In eight years, the Delaware brand has gone from curious startup to national juggernaut — and it's starting 2020 with its first international market.
Carvertise goes to Canada.

Carvertise goes to Canada.

(Courtesy photo)

When Carvertise had its first $1 million year in 2016, it was a rapidly growing company that hadn’t yet tapped into an advertising trend that would change the game for the industry: rideshare advertising.

“For the past 10 years, there’s been a societal change that’s been happening,” said Mac Nagaswami Macleod, the car-wrapping company’s charismatic cofounder, in a recent interview with “Thirty-six percent of the entire U.S. workforce participates in the gig economy, either on the side or as a full-time hustle, whether it be TaskRabbit, Uber, Door Dash — you name it. The proliferation of the gig economy is a very, very contemporary cultural trend.”
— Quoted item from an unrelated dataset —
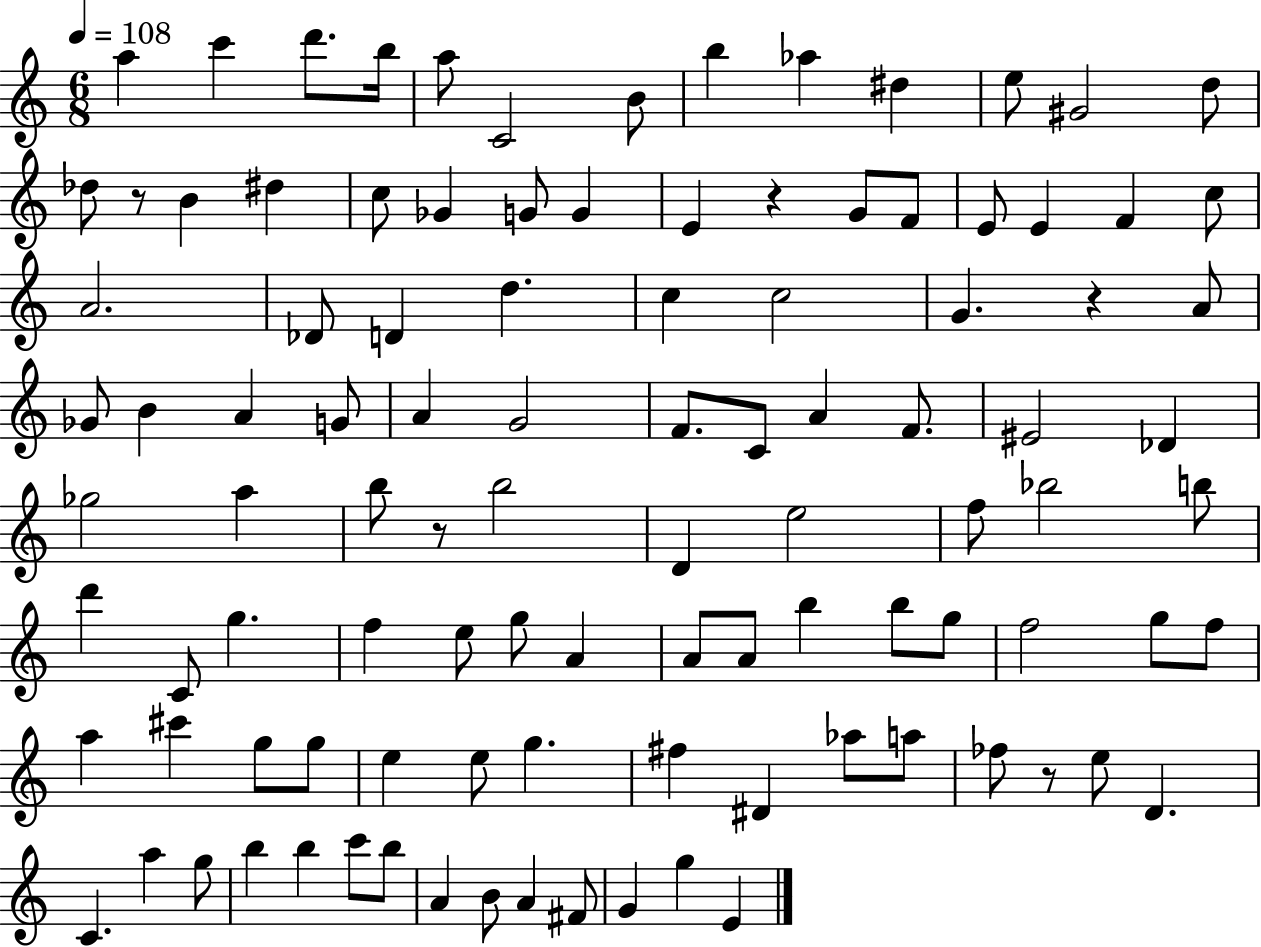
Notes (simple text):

A5/q C6/q D6/e. B5/s A5/e C4/h B4/e B5/q Ab5/q D#5/q E5/e G#4/h D5/e Db5/e R/e B4/q D#5/q C5/e Gb4/q G4/e G4/q E4/q R/q G4/e F4/e E4/e E4/q F4/q C5/e A4/h. Db4/e D4/q D5/q. C5/q C5/h G4/q. R/q A4/e Gb4/e B4/q A4/q G4/e A4/q G4/h F4/e. C4/e A4/q F4/e. EIS4/h Db4/q Gb5/h A5/q B5/e R/e B5/h D4/q E5/h F5/e Bb5/h B5/e D6/q C4/e G5/q. F5/q E5/e G5/e A4/q A4/e A4/e B5/q B5/e G5/e F5/h G5/e F5/e A5/q C#6/q G5/e G5/e E5/q E5/e G5/q. F#5/q D#4/q Ab5/e A5/e FES5/e R/e E5/e D4/q. C4/q. A5/q G5/e B5/q B5/q C6/e B5/e A4/q B4/e A4/q F#4/e G4/q G5/q E4/q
Part of the rise of rideshare companies like Uber and Lyft — which Nagaswami Macleod calls “meteoric” — has to do with its sheer convenience compared to hailing a taxi. More people use rideshare today than they do taxis, by a wide margin, even in cities with a taxi culture like New York City.

The advertising industry, Nagaswami Macleod said, has not kept up with the cultural shift. Ad spending on taxi advertising is still closely tracked as a major market, while the rideshare advertising market is still virtually dataless.

Carvertise, which pays drivers to wrap their cars with brands’ ads, starting inviting rideshare drivers to wrap their cars early last year.

“There are 900,000 Uber drivers [as of 2018] — we’re not even counting Lyft,” he said. “There’s a new global class of vehicles moving around, and advertisers haven’t shifted their attention to this new way people move. It’s been Carvertise here in Wilmington, Delaware, pioneering this format on a national scale.”


According to Nagaswami Macleod, Carvertise is the world’s largest rideshare advertising company.’s research doesn’t dispute it: Carvertise’s closest competitor, the San Fransisco-based, venture capital-backed Wrapify, founded in 2015, doesn’t appear to be experiencing the same growth rate, with a reported 200,000 drivers overall (rideshare and otherwise). Carvertise reports 550,000 drivers overall in 75 markets.

The company is well-positioned in an industry that seems to be on the edge of a boom: A 2019 Neilsen out-of-home advertising study showed that wrapped cars are the most memorable form of transit-based advertiser.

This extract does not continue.